The Kardashians have changed your life and you can’t deny it

There’s no escaping

| UPDATED

Love ‘em, hate ‘em, or you don’t give a hoot about them, it doesn’t matter because they know how to play the crowd.

The Kardashian-Jenner clan have infiltrated our lives in more ways than we can count on our fingers, and there’s no escaping. Here are just a few examples:

Reality TV wouldn’t exist without their successful model

Otherwise known as ‘trash tv’, but who cares? We can’t always be expected to watch Louis Theroux documentaries, plus it’s interesting living vicariously through the Kardashians while you’re living on £5.30 an hour.

Their show ‘Keeping up with the Kardashians’ began in 2007 and its success became a springboard for the reality TV phenomena: Made in Chelsea (2011), the real trash show ‘The Only Way is Essex’ one year earlier, Geordie Shore – you get the picture.

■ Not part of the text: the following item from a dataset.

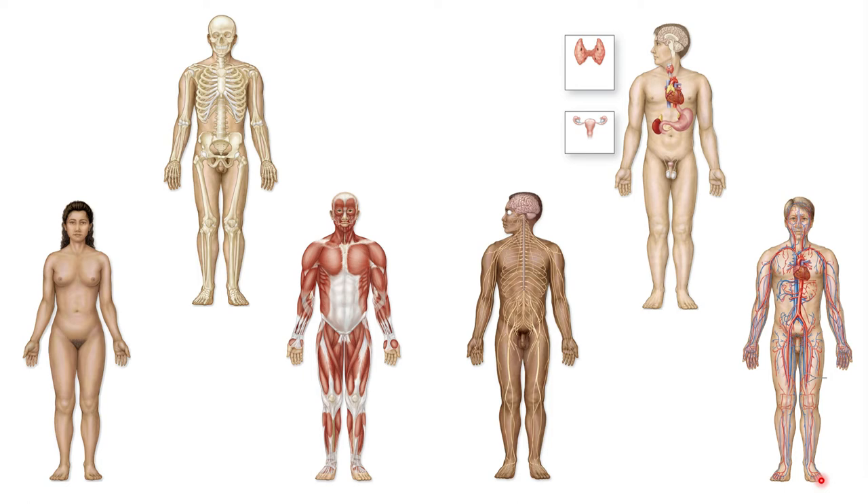There are 11 commonly recognized organ systems in the human body, and several are depicted here. If given a couple minutes, you could probably figure out which organ system is being depicted in these figures. The integumentary system — which is the skin and the layers just below the skin — might be the first tricky one.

Complain all you want but their show is still going after 10 years – they must be doing something right (or wrong) if we’re still watching them, right?

The selfies that will one day be displayed in The National Gallery 

Stories will lead with Kardashian/Jenner selfies (or in Kim’s case, a book conveniently named “Selfish”) and they’re always trending- I don’t know if that’s saying something about the reader or the paper. Maybe I’m being hypocritical by talking about them, I’m acknowledging this so you don’t have to in the comments section.

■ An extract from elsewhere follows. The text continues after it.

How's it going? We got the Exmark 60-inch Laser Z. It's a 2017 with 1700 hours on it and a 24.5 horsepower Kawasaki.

500-word articles will tell us what’s happening in the picture like we can’t see for ourselves, and I find it very condescending – Kylie’s left boob is slightly bigger, is she having surgery one breast at a time so we don’t notice? I’m glad that an English graduate is putting their degree to good use and hitting me with these evocative questions.

I hope their abs are working hard

As if watching their lives on TV wasn’t enough, we feel that a commentary is necessary for every picture, tweet or status they drop. A selfie will be the centre of international debate: should she have posted that nude online? What will her kids think of her? She’s a mother for goodness sake, her bum is more reliable than that idiot waiter I hired (reference to that magazine cover).

Everyone wants a say and it goes something like this: keyboard warriors (I would love to do so and so to her), academics (they’re feminist icons), someone else (hating them makes you a misogynist)- sorry what!?

We go to galleries to admire nude muses, Adam and Eve never had their clothes on, and most portraits of the Virgin Mary are on the verge of breastfeeding (and these are the religious ones), so what’s the difference between posing for and posting a nude selfie/photoshoot? Same thing, different medium and reaction.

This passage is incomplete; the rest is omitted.